The state flags are ACPI specific, so we need to translate to
something Linux generic when it moves to the libnvdimm sub-system.
Read-only when the energy source fails is a preventative measure, the
other state flags indicate that data has already been lost.

> Some driver or software might find temporarily writing to those
> locations in-place would be useful (e.g. run fsck before copying
> the repaired filesystem content to another storage device), so we
> shouldn't cut them off unnecessarily.

The read_only attribute can be overridden, i.e. it's only a default
value for safety.
Lijun.Pan@dell.com Nov. 8, 2017, 1:18 a.m.

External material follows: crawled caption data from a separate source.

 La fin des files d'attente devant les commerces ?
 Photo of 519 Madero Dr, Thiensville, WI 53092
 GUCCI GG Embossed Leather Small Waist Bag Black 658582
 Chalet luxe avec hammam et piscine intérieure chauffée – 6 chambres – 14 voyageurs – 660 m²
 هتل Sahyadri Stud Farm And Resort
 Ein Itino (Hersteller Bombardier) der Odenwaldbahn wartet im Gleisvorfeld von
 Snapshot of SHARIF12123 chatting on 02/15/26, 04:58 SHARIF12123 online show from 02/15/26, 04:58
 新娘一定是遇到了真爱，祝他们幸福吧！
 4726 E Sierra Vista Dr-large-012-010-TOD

UTC | #4
> -----Original Message-----
> From: Dan Williams [mailto:dan.j.williams@intel.com]
> Sent: Monday, November 6, 2017 5:32 PM
> To: Pan, Lijun <Lijun_Pan@Dell.com>
> Cc: linux-nvdimm@lists.01.org
> Subject: Re: [PATCH] acpi/nfit: export read_only attribute of dimms
> 
> On Mon, Oct 30, 2017 at 1:41 PM, Lijun Pan <Lijun.Pan@dell.com> wrote:
> > Though flags attribute provides enough information about
> > the dimm, it is nice to export the read_only attribute if
> > bit3 of NVDIMM state flag is set.
> > If error is injected by BIOS, bit3 and bit1 are both set.
> > If DIMM is set to read-only by BIOS, bit3 is set.
> > Hence bit3 is good enough to tell whether the dimm is in
> > read-only mode or not.
> 
> Hmm, can you say about more about why we need this additional attribute?
> 
> Applications don't read and write the DIMM directly, they only
> interface with the DIMM through namespaces of a given region. The
> region device already has a 'read_only' attribute. See
> read_only_show() in drivers/nvdimm/region_devs.c.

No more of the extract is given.